I'm using HPPC at the hearth of the Grph java lib.
http://www-sop.inria.fr/members/Luc.Hogie/grph/
While I was working on the I/O capabilities for the lib, I noticed
that HPPC does not support serialization. This is a great pity since
most often, serialization support is achievable by adding "implements
Serializable" to your class.
Considering the simplicity of it, is there a good reason for not
supporting serialization? This would dramatically improve HPPC.
Regards,
Luc.
We could use MessagePack to add efficient (and compact) serialization
to HPPC... but this would be an external dependency, so I'm not
entirely convinced it makes sense.
Anyway, if you'd like to add proper serialization support (see the
problem with dictionaries above), patches are welcome.
Dawid
> Serialization is not supported because just implementing
> "Serializable" does not solve the issues of versioning (java
> serialization is quite terrible at that) and custom serialization does
The use of SerialVersionUID should be enough.

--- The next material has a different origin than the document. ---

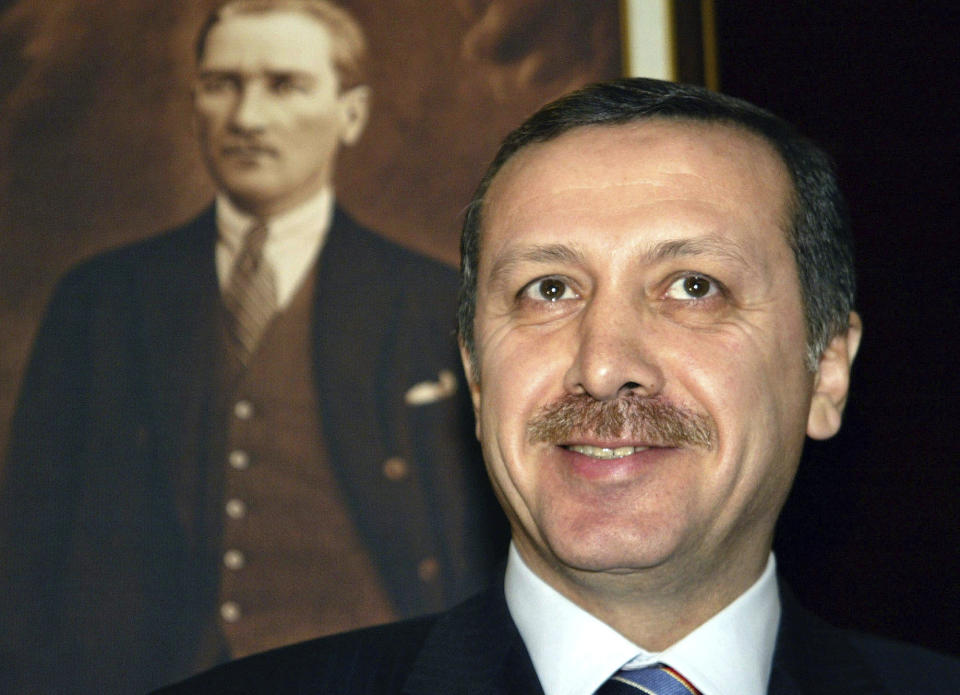 FILE - Turkish Prime Minister-designate Recep Tayyip Erdogan next to a portrait of Kemal Ataturk, founder of modern Turkey, during a press conference at the presidential palace in Ankara, on March 11, 2003. Erdogan, who is seeking a third term in office as president in elections in May, marks 20 years in office on Tuesday, March 14, 2023. (AP Photo/Anja Niedringhaus, File)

> require some additional work. Besides, for things like hash maps
> (dictionaries) trivial serialization by adding @Serializable will
> serialize everything, including empty slots, which is a great waste of
> space.
Right, but the real benefit of using Java serialization is not to get
compact/efficient encoding: it is have trivial and effective I/O
functionality. Actually the performance of Java serialization is fine
for most applications.
Additionally, the waste of space can be easily solved by gzipping the
resulting byte stream.
> We could use MessagePack to add efficient (and compact) serialization
> to HPPC... but this would be an external dependency, so I'm not
> entirely convinced it makes sense.
Well the Jar has to be kept small I think. You're right doubting.

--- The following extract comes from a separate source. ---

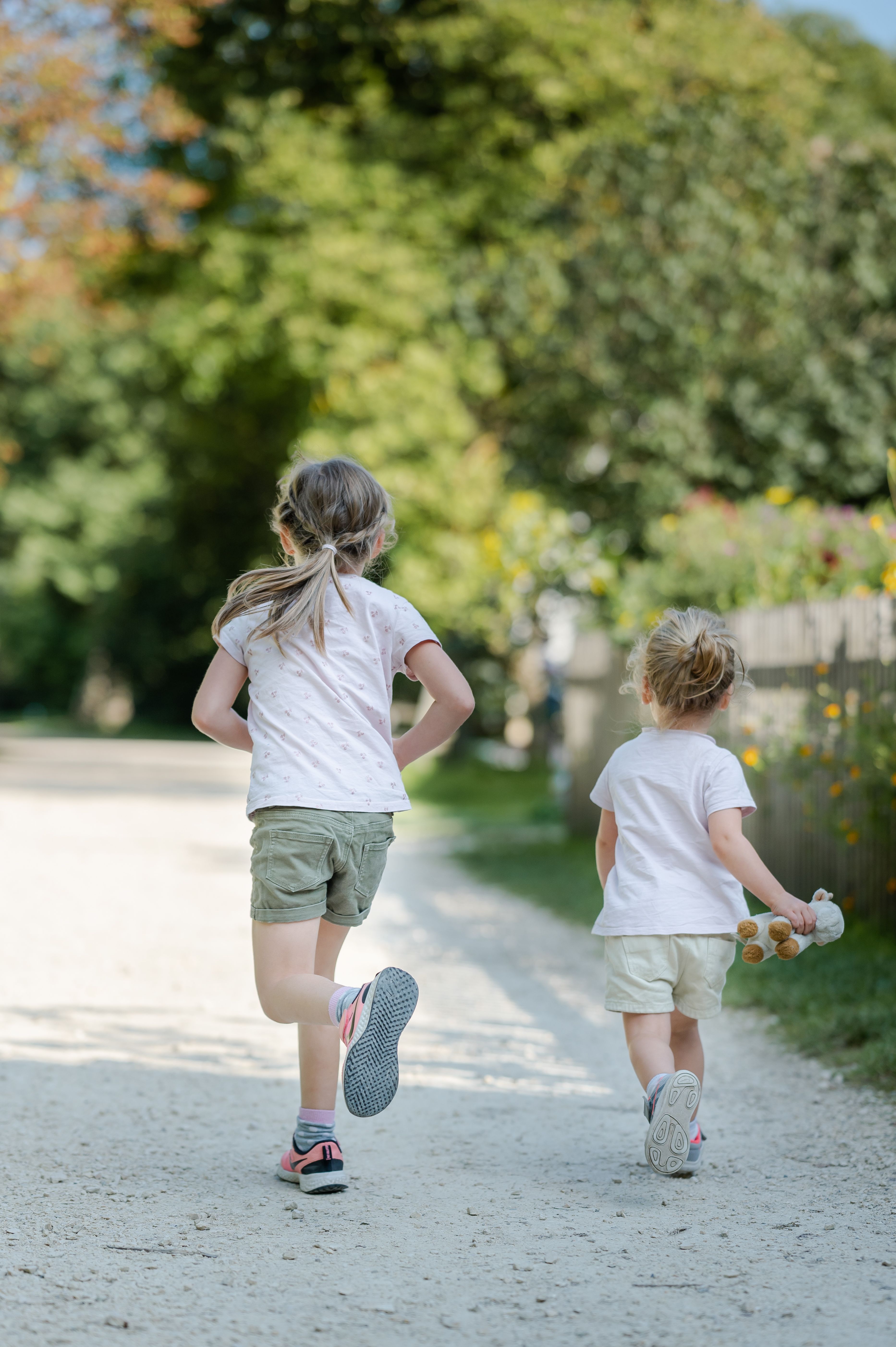 Two children running on a gravel path in a green park.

> Anyway, if you'd like to add proper serialization support (see the
> problem with dictionaries above), patches are welcome.
I just need the serialization functionality. :)
It is really a weakness of HPPC that is doesn't support Java
serialization. I really think you should simply make your class extend
java.io.Serializable. In 5mn the weakness will have vanished. :)
Cheers,
Luc.
It's not enough for reading data saved with incompatible (older) class
version; I'm talking about changes in the structure that can be
backwards-compatible for serialized data.
> Right, but the real benefit of using Java serialization is not to get
> compact/efficient encoding: it is have trivial and effective I/O
> functionality. Actually the performance of Java serialization is fine for
> most applications.
HPPC is meant for in-memory use in critical loops, really.
Serialization and persistence is not part of its goal. fastutil does
implement this feature though, so you can always peek in there.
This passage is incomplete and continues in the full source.